About 90 percent of Australia's sugar cane is grown in Queensland, 30 percent of it north of the city of Townsville, which is home to 1,500 cane growers and which is expected to be severely hit by Yasi.
Cyclone Larry, which in 2006 cut a destructive swathe across an area from south of Cairns through to near the town of Tully, north of Townsville, wiped out 40-50 percent of crops in its path, causing a loss of Aus$500 million.
"There were those in Cyclone Larry who lost everything -- farmhouses, crop, machinery, sheds, and livelihood during the devastating force," said Greenwood as Yasi looked set to dwarf Larry's size and strength.
There is no insurance for sugar cane growers in the region, because insuring in an area that frequently experiences cyclones is considered too risky, he said.
The area between Cairns and Townsville that was shaping as ground zero for Cyclone Yasi is also the heart of Australia's banana industry, which was decimated by Larry.

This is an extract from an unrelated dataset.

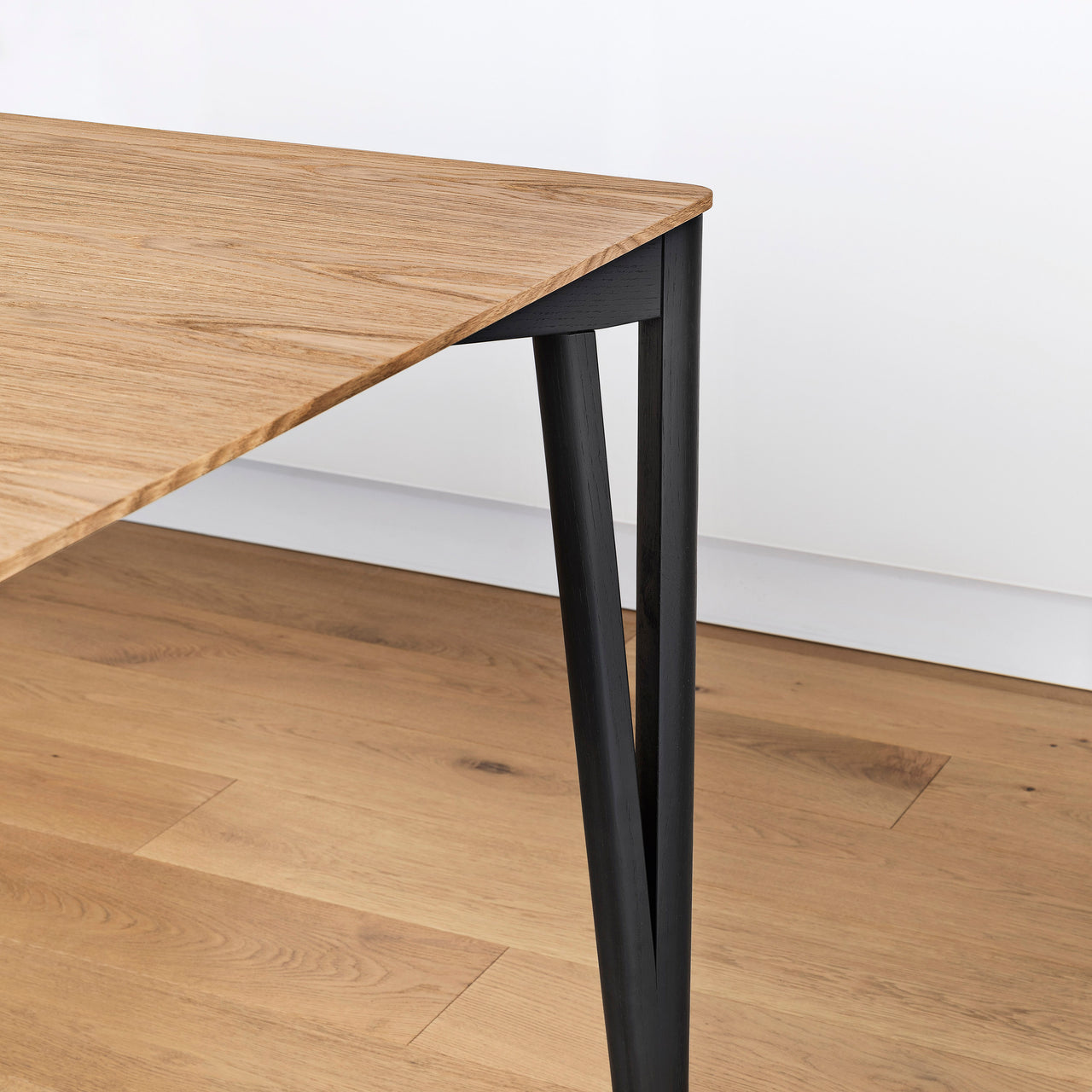 Decapo Dining Table: Medium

Some Banana growers fear they could suffer the same catastrophic losses, which sent the country's inflation soaring as shortages in key crops such as bananas put huge pressure on prices.
"This will devastate the whole (banana) industry. There will be nothing standing after midnight tonight -- that's a given. It doesn't matter where it hits," said distraught banana grower Dianne Sciacca.
"You only need 50 kilometre per hour winds to knock over a banana crop, a pawpaw crop and also cane," said the farmer, whose business is just recovering after losing all her crop in 2006.
But the Australian Banana Growers' Council said the industry could be luckier than when Larry hit in March 2006, late in the banana season.
Because it is early in the season, some growers have been able to trim young banana plants of their leaves, lessening the wind's effect, said the council's chief executive Jonathan Eccles.
"They regrow a bit like when you cut the grass, they regrow fairly quickly," he said.
In addition to sugar and bananas, far north Queensland is also an important producer of watermelons, mangoes, lychees, macadamia nuts, strawberries and various vegetables, the National Farmers Federation said.
Economists predicted fruit prices would spike following Yasi, but said it would likely not send inflation soaring through the whole economy.
The government has already warned of an inflation surge in the March quarter following record floods that swamped large farming areas south of the cyclone's path last month, wiping out fruit and vegetable plantations.